Die Compagnie Increpación Danza aus Barcelona setzt mit dem Stück „Wad Ras“ einen umjubelten Schlußpunkt bei Move.

Foto: Andreas Bischof

Krefeld. Kurz und prägnant hallen heftige Trommelschläge im Dunkeln. Es wird heller und man sieht fünf Frauen am Boden liegen. In grauen Hosen und weiten Hemden bekleidet, die Haare offen, beginnen sie, sich zu bewegen. Neben jeder von ihnen steht eine schlichte Holzkiste, die sie allmählich in ihre Bewegungen mit einbeziehen. Es sind Cajons, sogenannte Kistentrommeln, die einzigen Requisiten des Abends, der ein beklemmendes Thema faszinierend umzusetzen weiß.

Mit ihrem bereits im Jahr 1995 kreierten Stück „Wad Ras“ setzte die Compagnie Increpación Danza aus Barcelona einen umjubelten Schlusspunkt des diesjährigen Tanzfestivals Move in der Fabrik Heeder. „Wad Ras“ ist der Name eines Frauengefängnisses in Barcelona.

Die Verzweiflung des Gefangenseins, die Monotonie aber auch Brutalität dieser Situation wird in der Choreografie von Montse Sánchez und Ramón Baeza zu einem knapp einstündigen hinreißendem Tanzstück.

Dabei verbinden sich Elemente des andalusischen Flamencos mit modernen Elementen, denen die permanent zu Einsatz kommenden Cajons eine rhythmische Struktur geben. Sie werden nicht nur als Schlaginstrumente, sondern auch direkt in den Tanz miteinbezogen. Als Requisiten deuten sie Mauern oder einen Platz im Gefängnishof an.

Die Bühne ist diesmal nach hinten komplett offen, die nackten Mauern und die trotz der Raumhöhe sichtbaren Begrenzungen lassen den Ort wirklich als Gefängnis erscheinen.

Eine subtile Lichtregie, immer wieder eingespielte Gitarrenklänge und klagender weiblicher Gesang erzeugen eine spanische Atmosphäre, der hier so gar nichts Folkloristisches anhaftet. Im Gegenteil.

Hier stehen Verzweiflung, Schmerz und eine immer wieder unkontrolliert ausbrechende Leidenschaften im Mittelpunkt. Mit jeder Faser ihres Körpers, jedem Klatschen der Hände oder dem Trommelwirbel der Füße bringen die fünf Frauen dies großartig zum Ausdruck.

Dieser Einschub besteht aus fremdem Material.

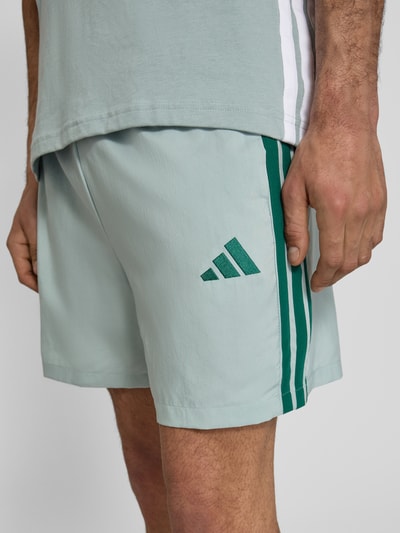 Mężczyzna nosi Regular Fit Sport-Shorts mit Kontraststreifen Modell 'CHELSEA' od adidas Sportswear w kolorze jednolitym z logo, elastycznym pasem i bocznymi kieszeniami, detal z kontrastowymi paskami, krój regular fit, zbliżenie na górną część nóg.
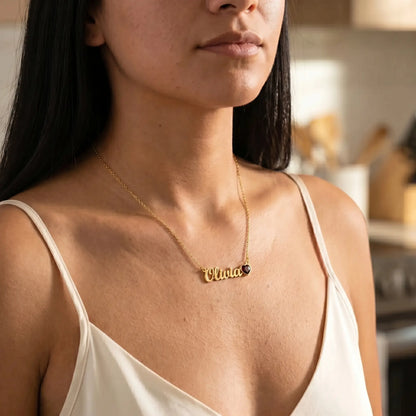 Birth Stone Letter Drop Strand 18K Gold worn close-up tanned model with Olivia cursive name and January Garnet heart birthstone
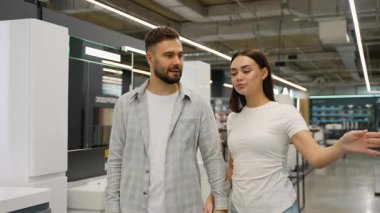 Yeni banyo mobilyalarını, lavaboyu ve aynayı büyük bir hırdavatçıda birlikte seçen mutlu beyaz çift, ev yenileme projelerini tasarlayıp planlıyorlar.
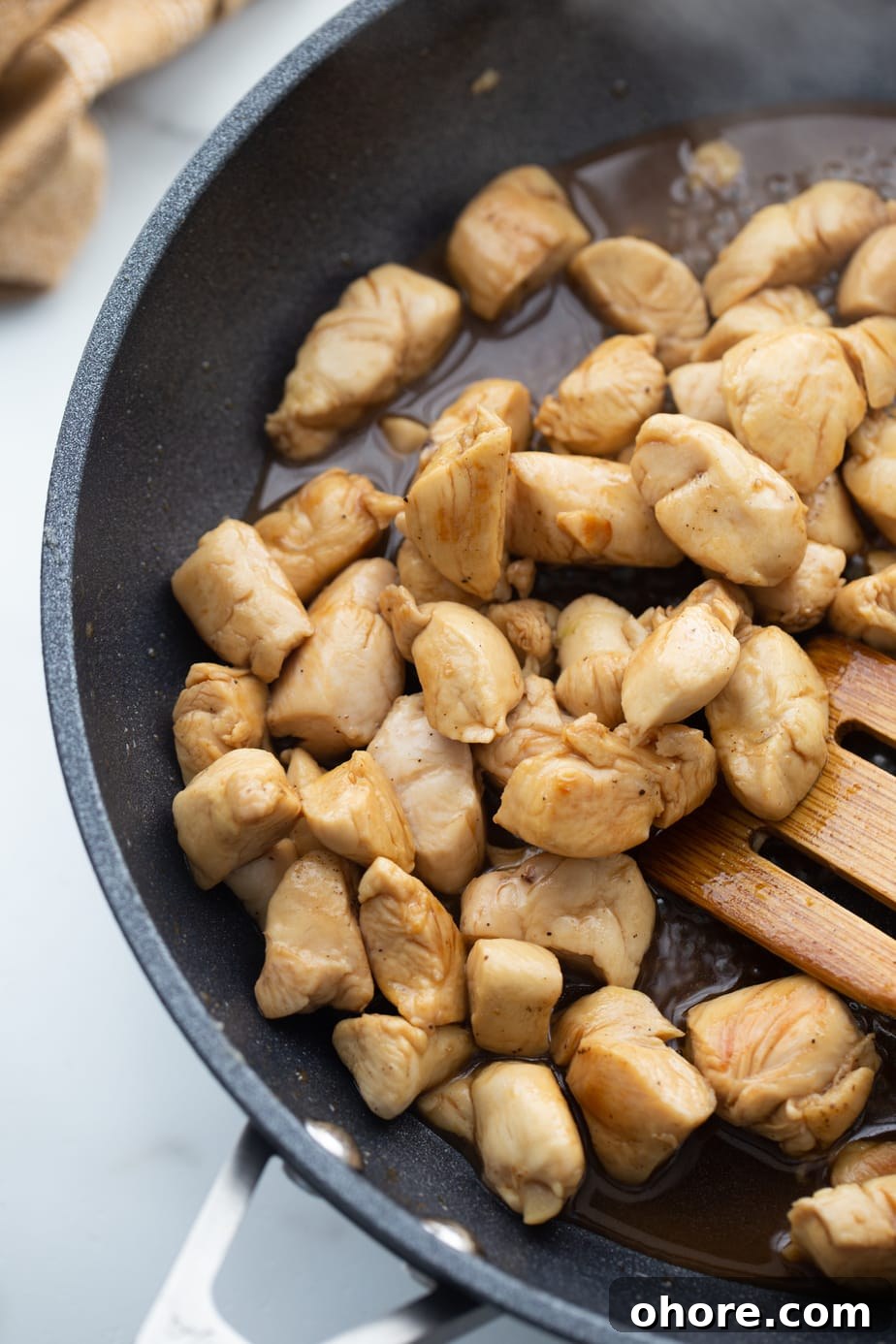 Hibachi Chicken Recipe: Tender Grilled Chicken with Garlic Butter 6 Browned chicken is being stirred by a wooden spoon in a black skillet.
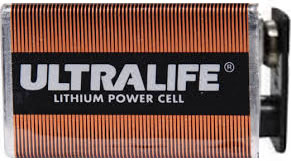 A close-up view of a rectangular Defibtech lithium battery 9V pack for the Lifeline AED, featuring an orange and black label.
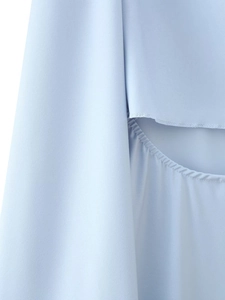 Detail of light blue satin dress showing elegant side slit and ruched fabric texture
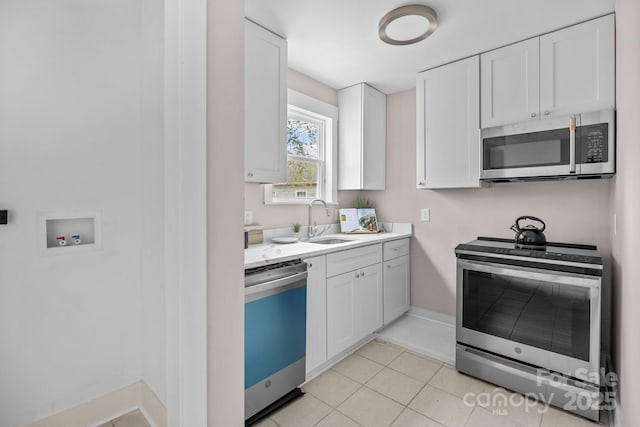 kitchen with light tile patterned floors, appliances with stainless steel finishes, sink, and white cabinets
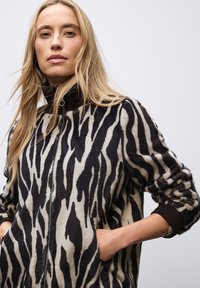 Veste imprimée zèbre avec fermeture éclair à l'avant, fabriquée en tissu doux. Dotée d'un col montant et de poches latérales ; les couleurs incluent le noir et la crème.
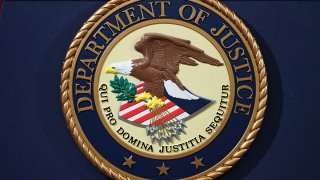 FILE - The Department of Justice seal is seen on a lectern ahead of a press conference in Washington, D.C., Nov. 28, 2018.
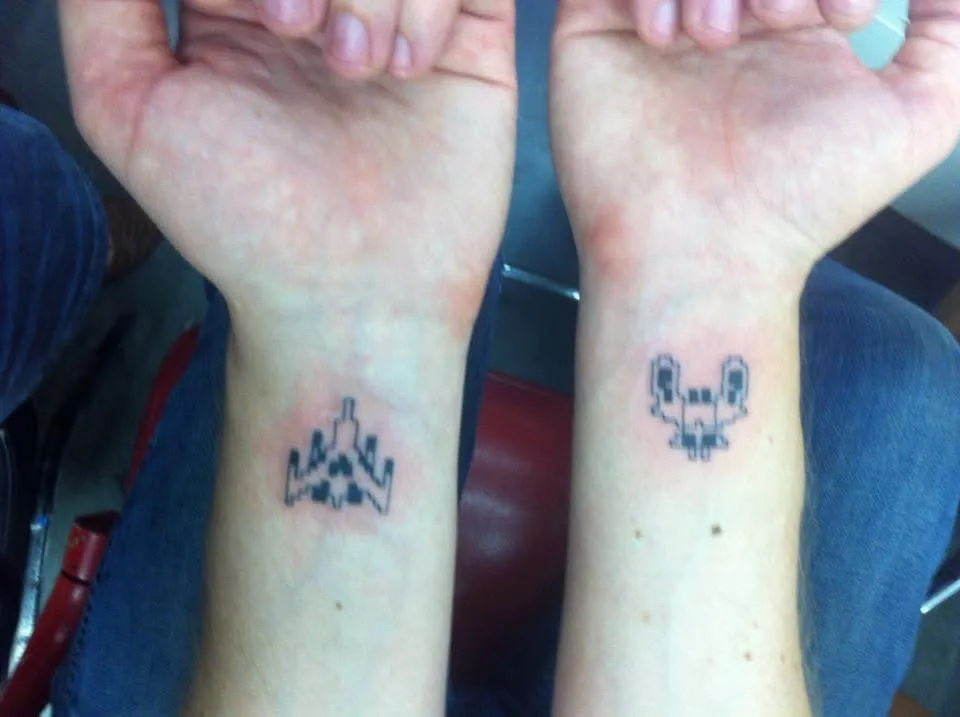 Two wrists are shown side-by-side, each with a small black ink tattoo. The left wrist has a pixelated spaceship design, and…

Von Beginn an herrscht eine zum Zerreißen angespannte Atmosphäre, die sich ganz unvermittelt immer wieder entlädt. Manchmal genügt nur ein Blick, eine Geste und eine fast noch zärtliche Szene schlägt in Gewalt um. Faszinierende Zweikämpfe sind zu sehen, die erst sehr spielerisch, später brutal ausgefochten werden.

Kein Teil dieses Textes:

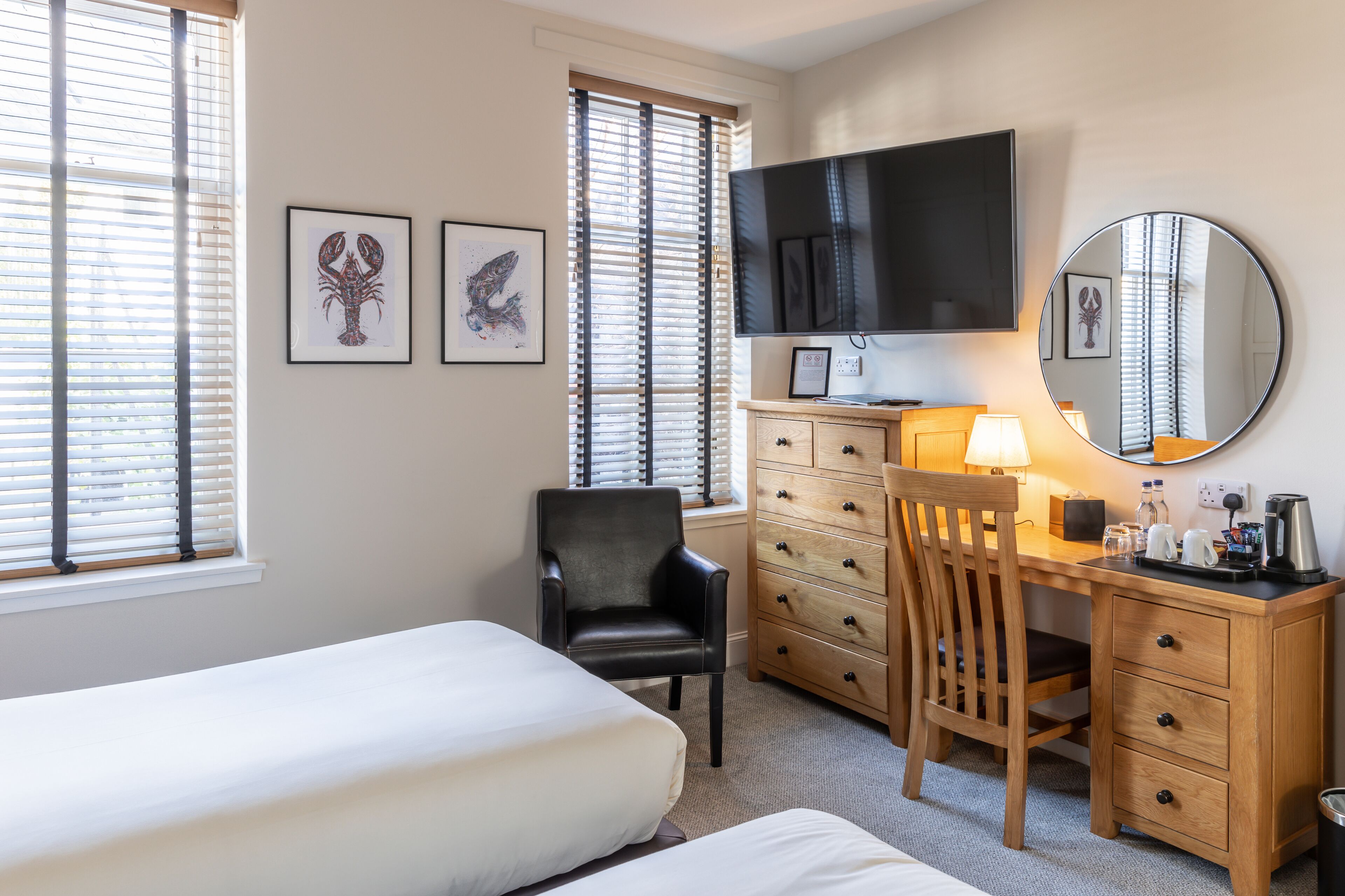 A hotel room with a bed, a desk with a chair, a TV, a mirror, and artwork on the wall.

Dazwischen gibt es auch berührende ruhige Szenen, wenn die Gefangenen sich mit Klopfzeichen zaghafte Signale zusenden. An anderer Stelle entblößen die Tänzerinnen eine Schulter und schlagen rhythmisch mit ihrer Hand auf die nackte Haut.

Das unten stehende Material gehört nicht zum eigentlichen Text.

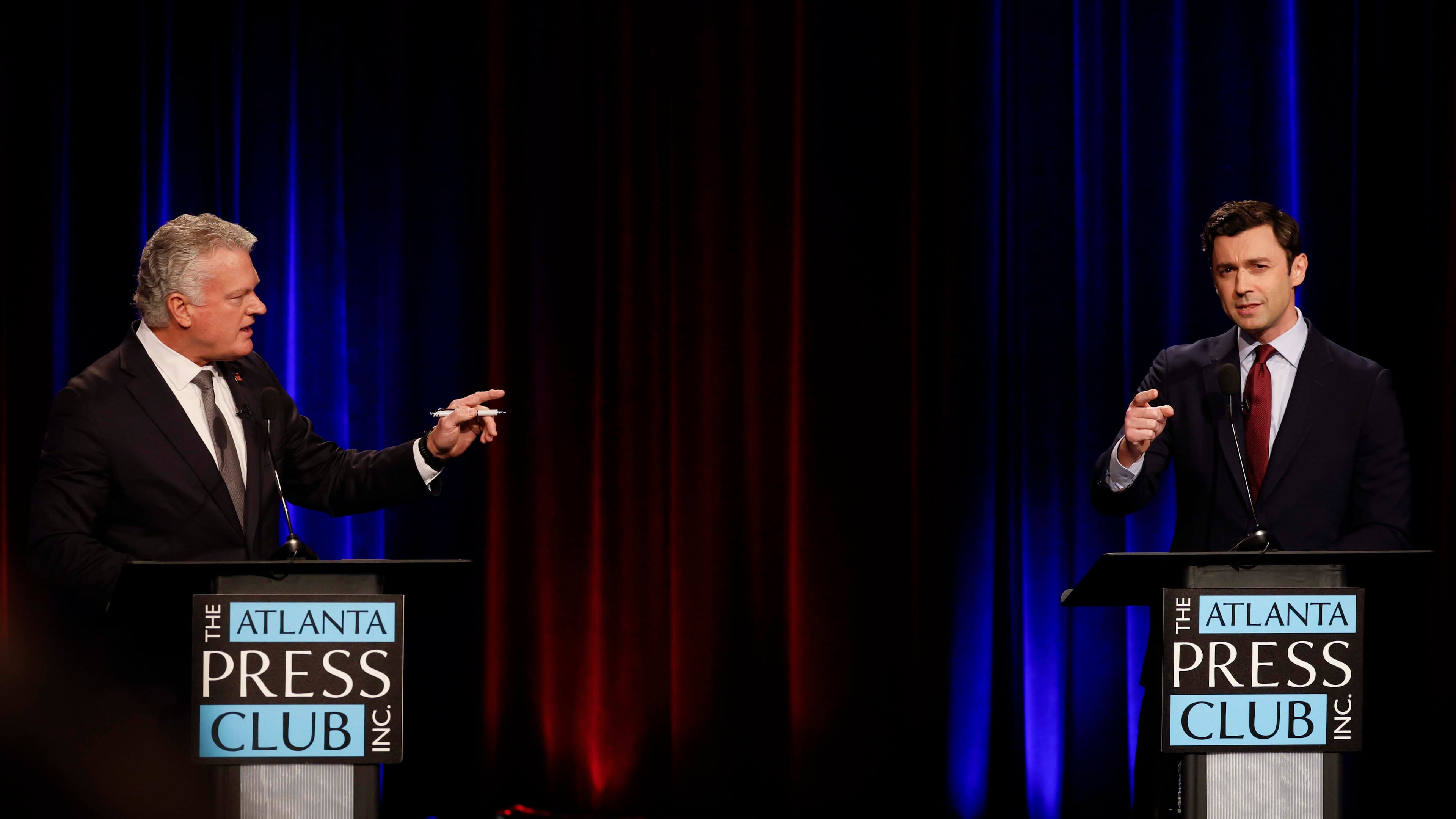 Republican U.S. Rep. Mike Collins, left, debates incumbent Democratic U.S. Sen. Jon Ossoff during the Atlanta Press Club Loudermilk-Young Debate Series on Tuesday. (Miguel Martinez/AJC)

In der Schlussszene bewegt sich jede einzeln im furiosen Flamencorhythmus von rechts nach links über die Bühne, als wollte sie mit ihrem Körper die Mauern sprengen. Doch es zerbricht nur ein Teller und die klirrenden Scherben setzen den Schlussakkord unter diesen eindrucksvollen Abend.